Con una espléndida sonrisa de triunfador y una costosa y humeante pipa en la mano, Toledo Paz anunció al mundo, a través de los medios, la inminente salida al mercado de su muy esperado libro de ensayos.
A partir de la publicación del libro, la vida, tanto de Toledo como de Armanda, cambió. La astuta agente literaria infló las cifras de ventas del libro y de inmediato la prensa nacional —e internacional— se interesó por el nuevo fenómeno literario.

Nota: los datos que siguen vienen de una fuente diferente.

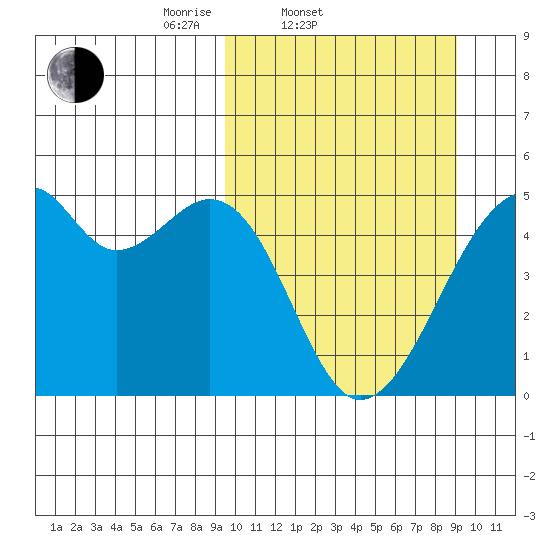 Raven Bay tide chart for Wednesday, March 11, 2026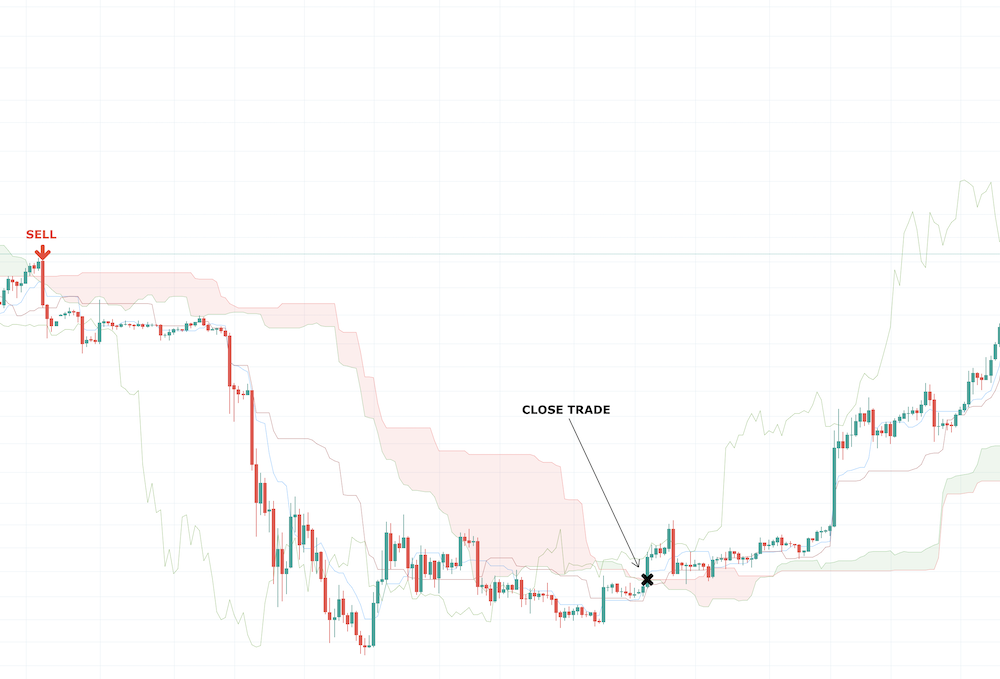 Ichimoku Kinko Hyo Indicator Ichimoku Kinko Hyo Indicator - image005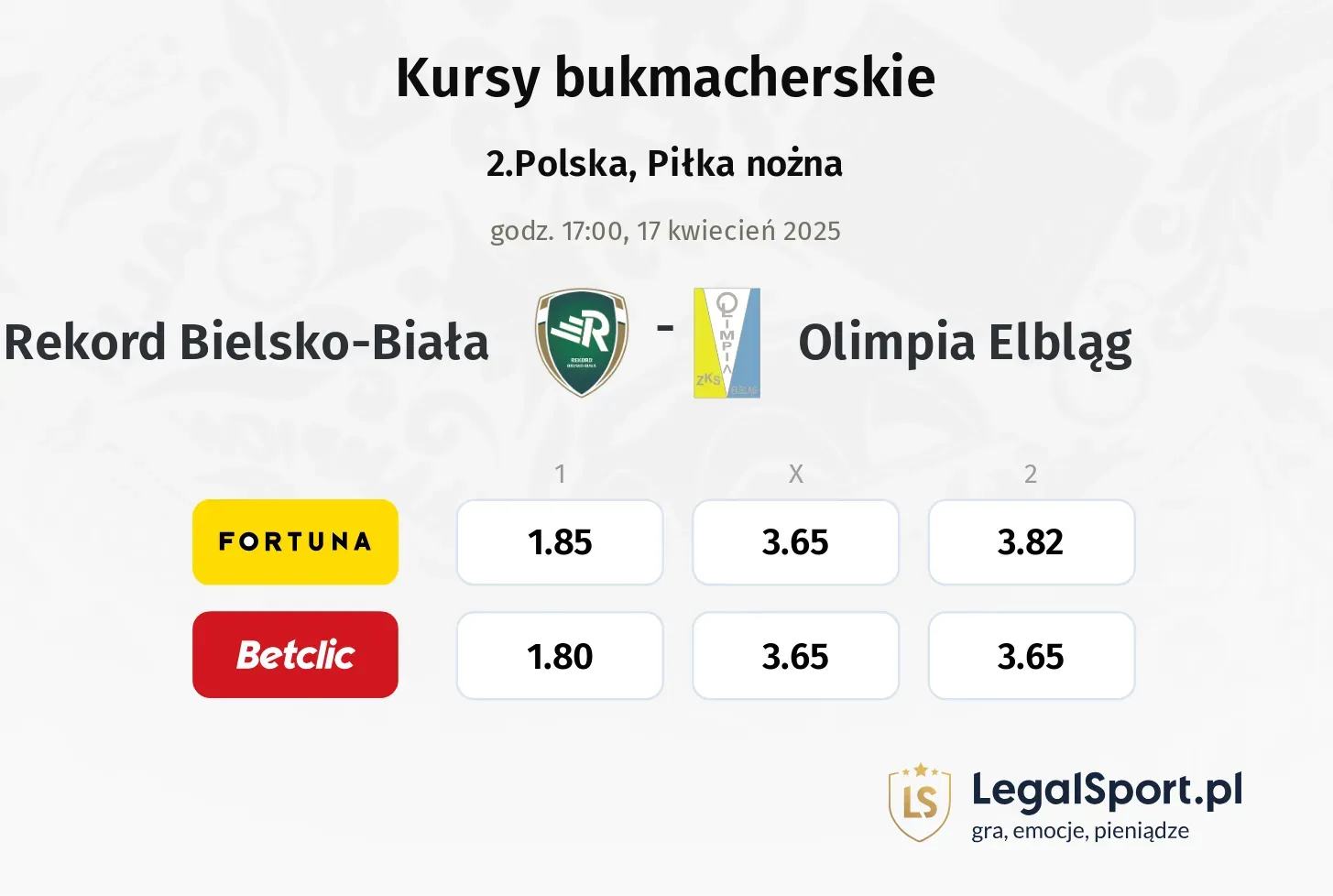 Rekord Bielsko-Biała - Olimpia Elbląg typy, kursy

Todos los días la prensa se hacía eco del estruendo editorial ocasionado por el best seller de Toledo Paz. Los académicos se acomodaron bien sus birretes y sus togas para invitar a la eminencia que había logrado el milagro de vender libros como arroz dentro de su propio país y en España. Cien mil, doscientos mil, un millón de ejemplares no daban abasto para atender la creciente demanda del libro en las librerías de acá y de más allá del Atlántico. Toledo y Armanda disfrutaban del triunfo mientras los más acérrimos críticos se devanaban los sesos buscando máculas, yerros, puntos de inflexión para meterse, para joderles la partida. En fin, hurgando aquí y allá para develar la génesis del famoso libraco.

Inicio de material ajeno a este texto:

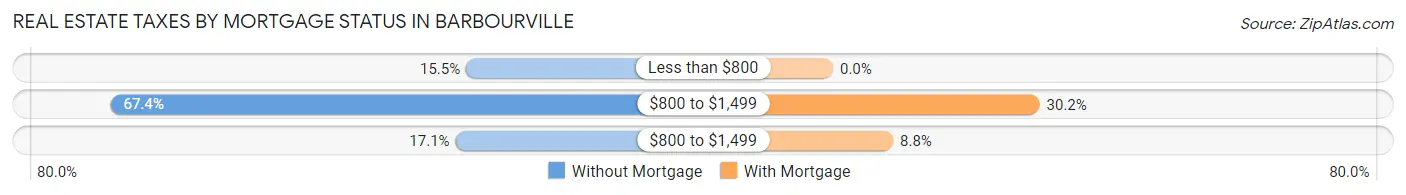 Real Estate Taxes by Mortgage Status in Barbourville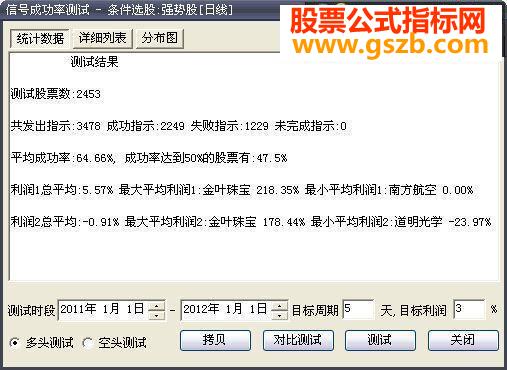 强势股（选股公式新编，源码，贴图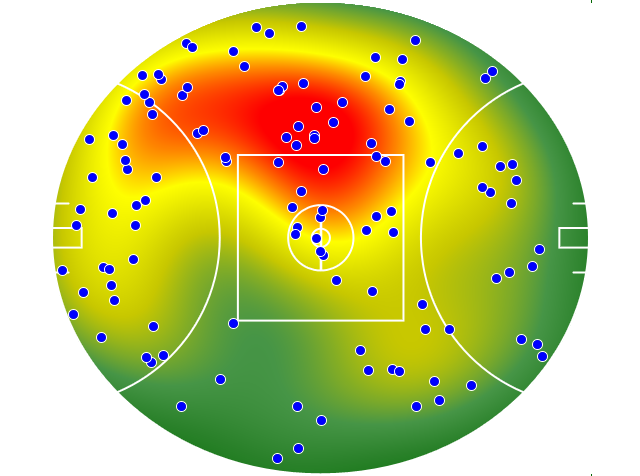 GWS Giants heatmap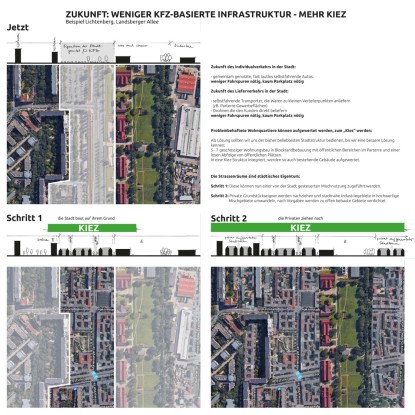 Daniel Krüger: Zukunft: Weniger KFZ-basierte Infrastruktur - Mehr Kiez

Fue la revista Impacto editorial la que dio el primer pitazo de alerta, causando rápida conmoción en los predios literarios y académicos nacionales. Luego le siguió Filigrana de París, Crepúsculo de Bogotá, Clave y letra de Lisboa, Amanecer impreso de Ciudad de México, Lenguas muertas de Sao Paulo y Bellas letras de Tegucigalpa.

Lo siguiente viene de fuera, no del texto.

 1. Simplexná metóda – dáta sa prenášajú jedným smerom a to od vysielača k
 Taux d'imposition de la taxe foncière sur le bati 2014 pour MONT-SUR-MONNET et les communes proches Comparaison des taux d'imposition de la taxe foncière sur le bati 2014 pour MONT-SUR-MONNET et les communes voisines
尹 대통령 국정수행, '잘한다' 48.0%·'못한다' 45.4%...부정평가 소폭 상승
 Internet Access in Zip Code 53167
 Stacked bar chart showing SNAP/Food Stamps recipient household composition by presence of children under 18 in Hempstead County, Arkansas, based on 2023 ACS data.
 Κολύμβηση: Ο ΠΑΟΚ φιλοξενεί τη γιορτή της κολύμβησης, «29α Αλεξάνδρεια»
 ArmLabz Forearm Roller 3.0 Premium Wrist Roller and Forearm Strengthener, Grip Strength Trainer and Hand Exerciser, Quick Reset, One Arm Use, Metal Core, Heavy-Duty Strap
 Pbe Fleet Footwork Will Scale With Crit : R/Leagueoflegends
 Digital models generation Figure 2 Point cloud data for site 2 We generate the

Los académicos que se habían rasgado las vestiduras en favor de Toledo denigrando a las generaciones mediocres e inmediatistas anteriores al fenómeno toledano, rápidamente recogieron velas e hicieron un mohín de asco ante el inmenso fraude. Los medios de comunicación que le habían prestado toda la atención callaron ante las evidencias y denunciaron haber sido sorprendidos en su “buena fe”. Las editoriales de acá y de más allá, que gustosas mandaron los libros a la imprenta, presurosas enviaron a sus agentes de todos los países europeos y latinoamericanos a recoger de inmediato las ediciones. La farsa había terminado.
4
En la estación del tren, Toledo se sintió perdido, hundido en una multitud que le recordaba su imposibilidad de relacionarse, y pensó en Armanda. En el morral llevaba pocas cosas: el libro de Vila-Matas, el borrador de una novela inconclusa que algún día terminaría, una vieja navaja que le acompañaba desde niño, una fotografía de Armanda y algo de ropa. La noche en la estación era fría y el tren demoraba en llegar más de lo anunciado.
Una mujer de aspecto sencillo que estaba sentada con un bolso de mano sobre su regazo, al verlo entrar hizo el ademán de abrirle un sitio para que se sentara junto a ella. Toledo aceptó. De pronto creyó ser otra vez la marioneta de un oscuro demiurgo que aún no encontraba lugar para él en su no-escritura. A medida que el tren iniciaba su marcha, Toledo sintió que las páginas atrapadas de su vida comenzaban a moverse al ritmo de la locomotora, y en un intento por desterrar para siempre ese fantasma de Bartleby que se había instalado en su vida como un pesado objeto, abrió la mochila, tomó un bolígrafo y papel y con ellos quiso saldar definitivamente su fracaso.
Tomado de mi libro Trilogía de espectros (Fondo de Publicaciones de la Asociación de Profesores de la Universidad de Los Andes, APULA, 2010).